When is a dwelling a “detached dwelling”? — the goalposts shift again

24 September 2014

Paior & Anor v City of Marion & Ors (No. 3) [2014] SAERDC 42

As a result of several ERD Court and the Supreme Court judgments, including McNamara v City of Charles Sturt & Anor [2001] SASC 368, Kermode v City of Mitcham [2007] SAERDC 57 and City of Port Adelaide Enfield v Moseley [2008] SASC 88, the way in which applications for dwellings may lawfully be processed by councils has undergone significant change.

Where an application proposes the construction of a new dwelling on land, that dwelling is not a “detached dwelling” as a matter of law unless the site upon which the dwelling is to be located comprises an allotment of land or otherwise provides the owner of the dwelling with similar, exclusive and unalienable tenure.

This is for two reasons:

  • firstly, the Courts have determined that where a developer intends to divide land in the future, it is inappropriate for a relevant authority to determine a related built form application prior to the division because:
    • logically, in the view of the Courts, the division of land comes before the approval of any development of that land; and
    • to do so has the potential to fetter the relevant authority’s discretion to determine the land division with regard to the relevant provisions of the Development Plan; and
    • the nature of the division will necessarily bear upon the decision to grant consent to the related built form;
  • secondly because the definition of “detached dwelling” in Schedule 1 of the Development Regulations 2008 requires that the dwelling be “on a site that is held exclusively with that dwelling” (our emphasis);
    • the Courts have determined that the term “held exclusively” denotes exclusive and inalienable rights to the owner of the dwelling, which can only be achieved through the grant of title;
    • in the context of development applications, the Courts have determined that, at the very least, “there must be a commitment, in the form of an application to divide the subject land, lodged prior to or contemporaneously with the application for the dwelling, or evidence of the creation of some other appropriate and sufficient form of tenure” (Kermode at [29]).

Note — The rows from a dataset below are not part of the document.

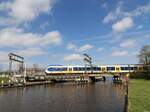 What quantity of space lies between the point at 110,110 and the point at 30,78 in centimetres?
7221

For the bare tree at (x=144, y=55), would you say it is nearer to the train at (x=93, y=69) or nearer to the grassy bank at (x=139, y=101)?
the train at (x=93, y=69)

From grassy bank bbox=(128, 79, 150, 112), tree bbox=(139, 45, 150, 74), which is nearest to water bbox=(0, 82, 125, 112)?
grassy bank bbox=(128, 79, 150, 112)

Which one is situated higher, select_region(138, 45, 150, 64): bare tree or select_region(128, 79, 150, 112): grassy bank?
select_region(138, 45, 150, 64): bare tree

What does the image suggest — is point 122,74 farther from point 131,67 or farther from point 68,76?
point 68,76

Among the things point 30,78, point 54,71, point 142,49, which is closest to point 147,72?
point 142,49

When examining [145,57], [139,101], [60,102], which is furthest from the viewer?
[145,57]

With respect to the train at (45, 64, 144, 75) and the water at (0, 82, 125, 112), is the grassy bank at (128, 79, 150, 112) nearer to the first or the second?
the water at (0, 82, 125, 112)

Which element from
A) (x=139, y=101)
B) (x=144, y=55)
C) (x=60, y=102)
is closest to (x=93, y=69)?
(x=144, y=55)

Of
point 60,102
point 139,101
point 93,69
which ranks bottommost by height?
point 60,102

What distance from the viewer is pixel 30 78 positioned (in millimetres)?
95625

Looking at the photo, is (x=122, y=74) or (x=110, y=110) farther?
(x=122, y=74)

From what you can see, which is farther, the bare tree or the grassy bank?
the bare tree

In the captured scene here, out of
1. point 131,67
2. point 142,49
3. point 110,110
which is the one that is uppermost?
point 142,49

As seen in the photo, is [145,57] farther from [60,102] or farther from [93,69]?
[60,102] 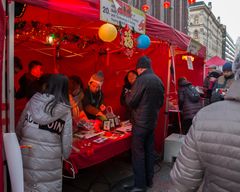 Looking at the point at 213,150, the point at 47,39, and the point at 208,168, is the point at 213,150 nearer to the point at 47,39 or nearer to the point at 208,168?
the point at 208,168

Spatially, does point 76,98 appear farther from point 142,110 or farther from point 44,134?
point 44,134

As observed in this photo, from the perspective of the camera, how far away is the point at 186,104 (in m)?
6.80

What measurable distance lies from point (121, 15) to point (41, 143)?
2.43 meters

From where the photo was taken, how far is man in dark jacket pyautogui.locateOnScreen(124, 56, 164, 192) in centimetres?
431

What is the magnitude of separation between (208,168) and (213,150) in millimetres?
108

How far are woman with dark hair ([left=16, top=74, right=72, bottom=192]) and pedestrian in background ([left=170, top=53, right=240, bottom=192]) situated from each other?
1.78m

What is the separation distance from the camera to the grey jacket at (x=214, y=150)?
1.30 meters

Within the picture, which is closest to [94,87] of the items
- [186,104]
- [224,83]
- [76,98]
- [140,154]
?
[76,98]

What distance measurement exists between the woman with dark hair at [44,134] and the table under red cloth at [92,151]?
0.64m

As a result of these decisions, where an applicant proposes a “detached dwelling” where the dwelling’s site does not comprise an allotment of land, councils have been determining the nature of the development to be an undefined “dwelling” or are otherwise requiring lodgment of a land division application and ensuring that the land division is approved prior to or together with the built form application.

The Paior judgment has taken this line of reasoning considerably further.

This judgment related to two section 86(1)(f) reviews commenced by the Paiors in relation to two development applications, one lodged in 2011 and one lodged in 2013.  The 2011 development application proposed a single, two-storey dwelling on a site which was not an allotment, nor had an approval been issued for the creation of an allotment.  The Council had determined the nature of the dwelling to be a “detached dwelling” as it had been provided with a copy of a plan of division and was informed that the land division would occur after the built form application was approved (the subsequent land division application was lodged after the grant of Development Plan consent to the dwelling application and received full development approval prior to the dwelling application receiving full development approval).

In its decision on the 2011 application, the Court found that the dwelling was not a “detached dwelling” at the time that this application was assessed and that the dwelling only became a “detached dwelling” when the approved plan of division was lodged for registration at the Land Titles Office.

This decision is significant as it means that an application for a dwelling cannot be determined to be a “detached dwelling” (or, for that matter, a semi-detached or row dwelling, each definition for which also requires a site that is “held exclusively” with that dwelling) unless and until a land division application has received full development approval and a section 51 certificate from the DAC and the approved plan of division lodged for registration (necessitating the payment of stamp duty and all other fees and taxes associated with the creation of a new allotment).

Given the state of the South Australian economy and the already precarious lending conditions facing developers which, in turn, is increasing pressure upon them to seek approval for built form applications as soon as possible, we consider that this judgment will create considerably backlash amongst developers and may, finally, lead to reform of the relevant definitions in Schedule 1.

In the meantime however, the judgment of the ERD Court is clear and means that councils will need to reassess the way in which dwelling applications are processed and determined.